At the same time, corporate bonds have become a highly desirable asset class and have seen inflows of about $100 billion into investment grade this year.
"It means we have incredibly positive technicals. The supply demand picture is positive," Coleman said. She also said the weaker economy is not a problem for corporate bond investors.
"A slow growth environment is actually pretty good for investment grade corporates because it keeps them from doing things that are too shareholder friendly and that's what we want to see as bondholders. Most of these companies have room to increase their dividends and buy back some shares," she said.
She said the $4.75 billion 3-year issue from Microsoft this past week was interesting. "They issued at 25 basis points over Treasurys. The coupon is less than 1 percent. Here's the better part-not only did they issue at those levels but the bond spreads over Treasurys have tightened since the issuance," she said.
The Microsoft debt offer also highlights an interesting issue. The company has a huge cash hoard and like many other U.S. companies, it keeps cash expatriated because of high U.S. taxes.
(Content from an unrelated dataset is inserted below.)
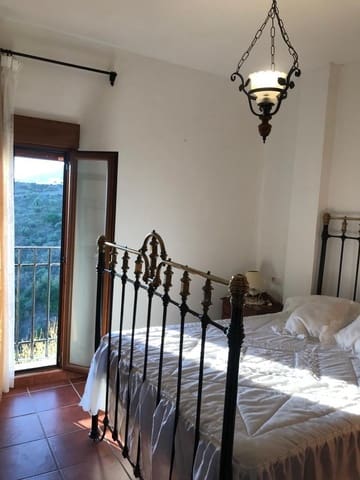 3 makuuhuone Omakotitalo vuokrattavana paikassa Sedella - 550 € (Ref: 9406892)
At the same time, it can easily tap the debt markets for extremely low cost capital. In Microsoft's case, it raised capital it planned to use to pay dividends.
Corporations have been looking for tax relief from the government to repatriate that cash, which totals more than $1 trillion.
What Else to Watch
Even as a number of tech companies warned about softer revenues, the Standard and Poor's tech sector was one of the best performing sectors in the past week, gaining 2.8 percent. Apple continued to set new highs in a move toward 300.
The latest challenger to i-Pad will be released Monday, when Research in Motion unveils its new tablet at a developers conference. RIM stock was up nearly 5 percent in the past week.
Hewlett-Packard , still in need of a CEO, holds a meeting with analysts Tuesday.
There are also a few earnings, including Jabil Circuit and Paychex Monday; Walgreen Tuesday.
Family Dollar reports Wednesday, while McCormick and Accenture report on Thursday.